Chapter 6: Force and Compliant Interaction Control

Lesson 1: Motivation for Force Control

This lesson explains why regulating interaction forces with the environment is a fundamentally different objective from regulating motion, and why purely position-based control is inadequate and potentially unsafe during contact. Starting from well-known manipulator dynamics, we introduce simple contact models, derive interaction stiffness, and use these to justify force and impedance control architectures that will be developed in later lessons.

1. From Position Tracking to Interaction Objectives

Up to this point, control objectives were mainly formulated as motion-tracking tasks: the end-effector should follow a desired joint-space or task-space trajectory \( \mathbf{q}_d(t) \) or \( \mathbf{x}_d(t) \) with small tracking error. The canonical joint-space dynamics (without external contact) are

\[ \mathbf{M}(\mathbf{q}) \ddot{\mathbf{q}} + \mathbf{C}(\mathbf{q},\dot{\mathbf{q}})\dot{\mathbf{q}} + \mathbf{g}(\mathbf{q}) = \boldsymbol{\tau}, \]

where \( \mathbf{M}(\mathbf{q}) \) is the inertia matrix, \( \mathbf{C}(\mathbf{q},\dot{\mathbf{q}})\dot{\mathbf{q}} \) captures Coriolis and centrifugal terms, and \( \mathbf{g}(\mathbf{q}) \) is gravity. A standard model-based controller (e.g. computed-torque) shapes the closed-loop dynamics to behave like a well-damped second-order system, focusing on motion error \( \mathbf{e}_q = \mathbf{q} - \mathbf{q}_d \).

In interaction tasks (polishing, assembly, human–robot collaboration, surface following), the quality of performance is mainly determined by the forces exerted on the environment: normal forces should stay inside a safe band, tangential forces should match process constraints, and impulsive forces should be minimized.

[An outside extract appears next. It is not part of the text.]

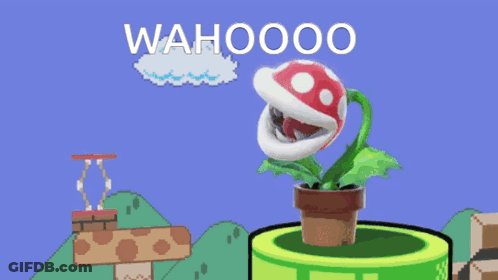 Cartoon Plant Open Mouth Saying Wahoooo GIF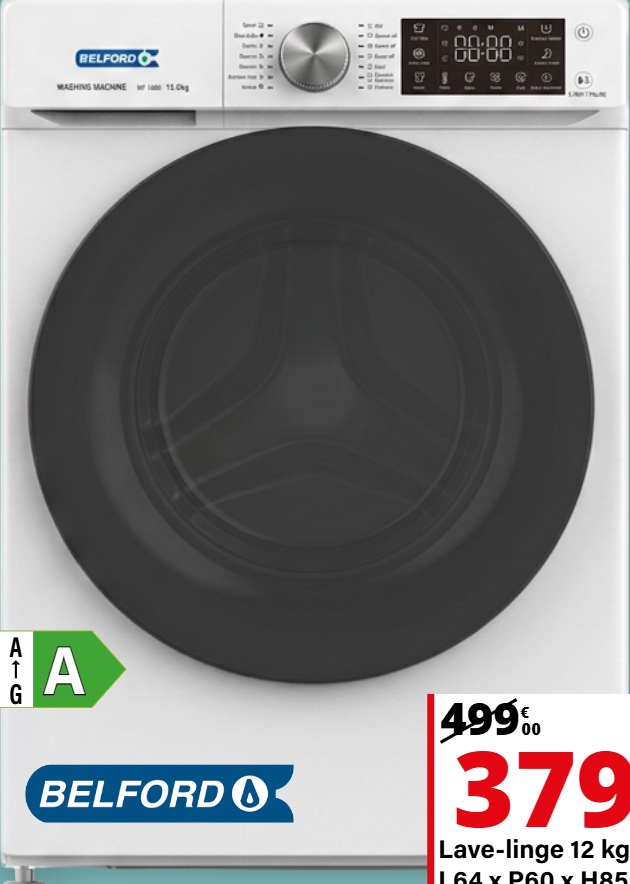 Lave-linge 12 kg Belford — BF1255 — extrait du prospectus ADAMS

Let \( \mathbf{F} \) denote the generalized contact force at the end-effector and \( \mathbf{F}_d \) a desired force (or wrench).

The central issue is that motion and force at the contact are coupled. Pushing a rigid wall by an additional \( 1 \,\text{mm} \) may create hundreds of Newtons of extra force, while the same displacement in free space creates none.

flowchart TD
  T0["Robotic task"] --> T1["Free-space motion?"]
  T1 -->|yes| GOAL1["Primary goal: \ntrack trajectory x_d(t)"]
  T1 -->|no| T2["Task involves contact with environment"]
  T2 --> T3["Identify interaction goals: \nforce bands, stiffness, safety"]
  T3 --> T4["Choose control focus"]
  T4 -->|dominant motion| C1["Motion-centric control \nwith force limits"]
  T4 -->|dominant force| C2["Force-centric or impedance control"]
  C1 --> MOTIV["Need to understand \nmotion-force coupling"]
  C2 --> MOTIV
        

This lesson develops simple analytical models for motion–force coupling, showing rigorously that:

  • Pure position tracking can yield unbounded contact forces when the environment is stiff.
  • Closed-loop stability and safety depend on the combined robot–environment dynamics.
  • Force-centric or impedance objectives are mathematically natural for contact tasks.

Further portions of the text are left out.